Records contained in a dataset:
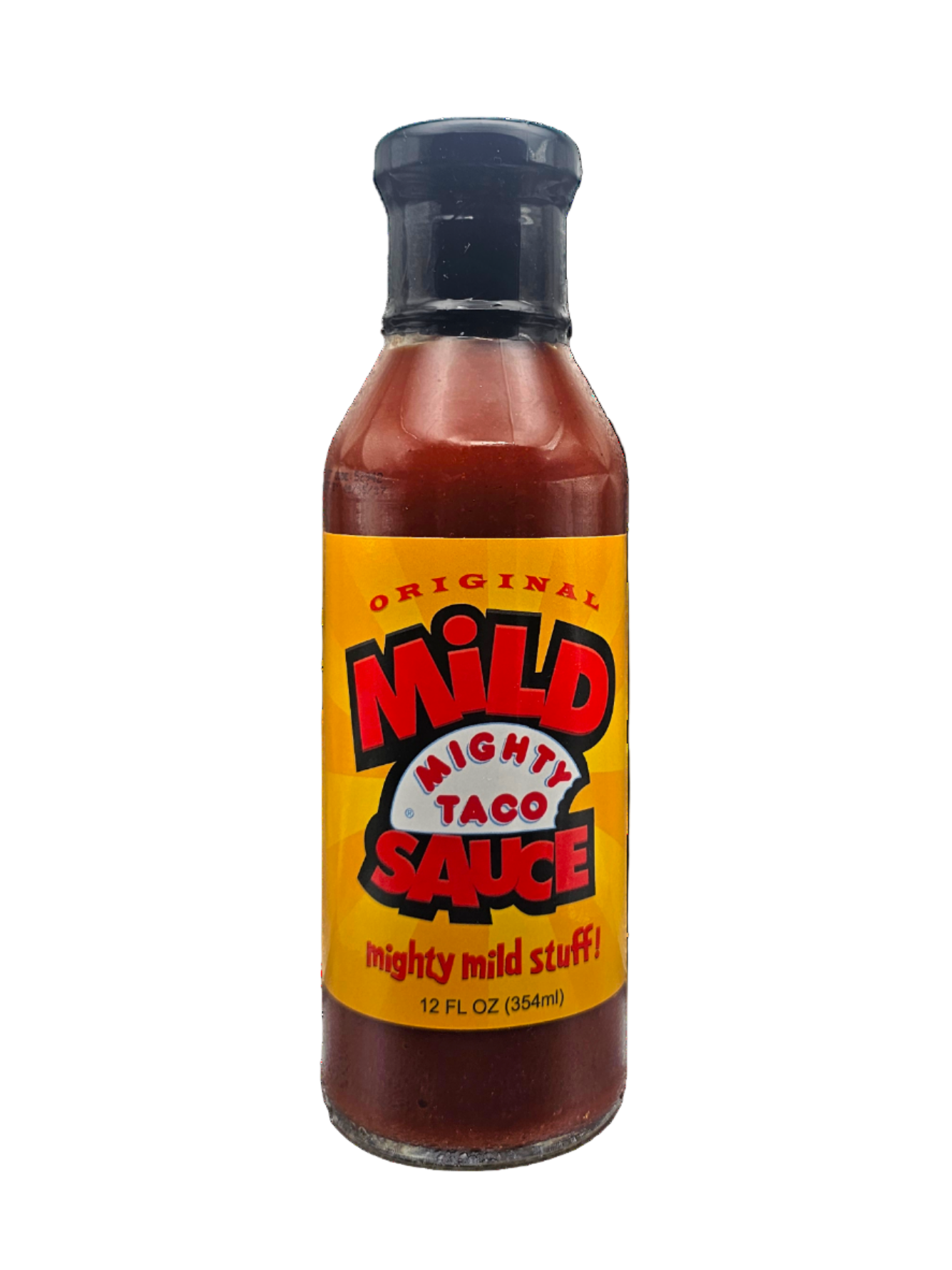 Bottle of Mighty Taco Mild Sauce on a white background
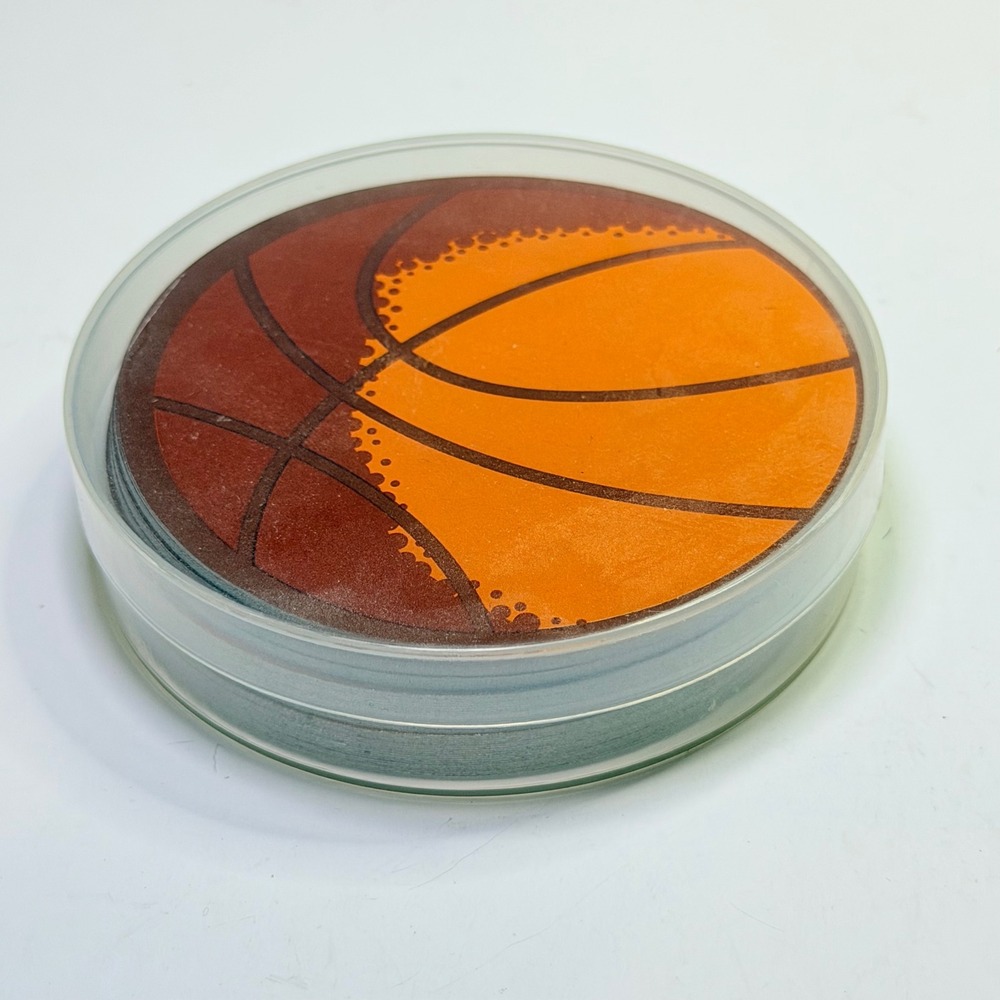 Basketball Round Playing Cards Circular Deck with Clear Plastic Travel Case 3in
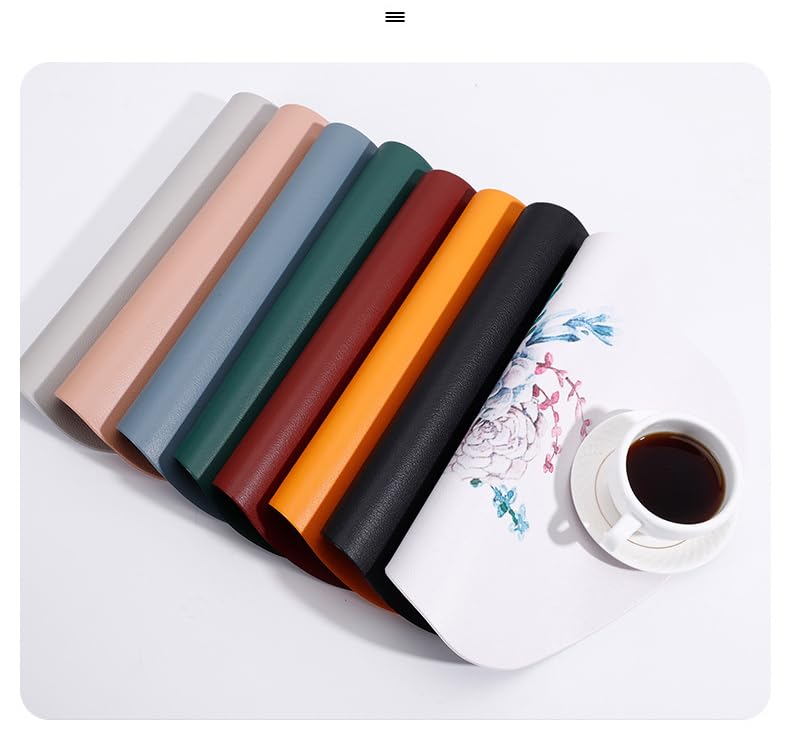 Salvamanteles Lavables, Juego de 4 Manteles Individuales y Posavasos de Cuero de Doble Cara Manteles Individuales Impermeables Antideslizantes Resistentes Al Calor Manteles y Posavasos de Col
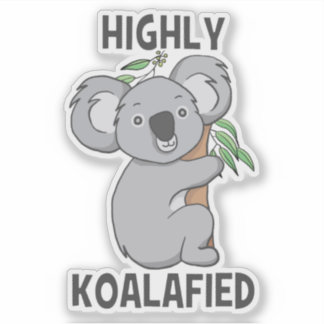 Highly Koalafied Koala Contour Cut Sticker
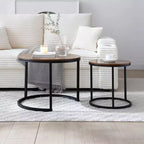 Tables gigognes rondes, lot de 2, tables d'appoint modernes amovibles avec plateau en bois et cadre en métal, tables d'appoint industrielles empilables pour salon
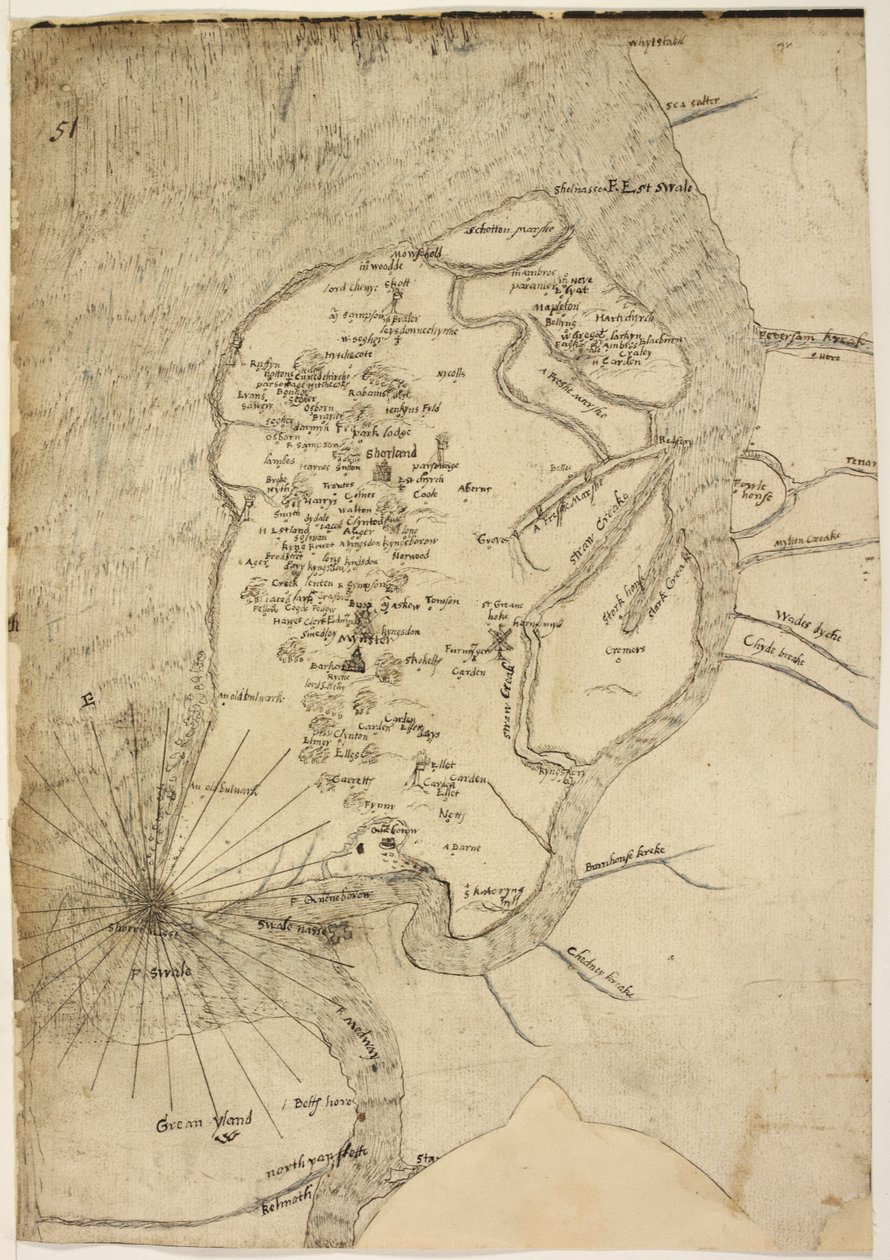 Cotton Augustus I.i f.51 Mapa de la isla de Sheppey atribuido al cartógrafo Robert Lythe de English School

* _EXERCISE DIRECTIONS_: Your answer must be an exact copy of the records, with no pictures in it.

* _ANSWER TO THIS TASK_:
 Bottle of Mighty Taco Mild Sauce on a white background
 Basketball Round Playing Cards Circular Deck with Clear Plastic Travel Case 3in
 Salvamanteles Lavables, Juego de 4 Manteles Individuales y Posavasos de Cuero de Doble Cara Manteles Individuales Impermeables Antideslizantes Resistentes Al Calor Manteles y Posavasos de Col
 Highly Koalafied Koala Contour Cut Sticker
 Tables gigognes rondes, lot de 2, tables d'appoint modernes amovibles avec plateau en bois et cadre en métal, tables d'appoint industrielles empilables pour salon
 Cotton Augustus I.i f.51 Mapa de la isla de Sheppey atribuido al cartógrafo Robert Lythe de English School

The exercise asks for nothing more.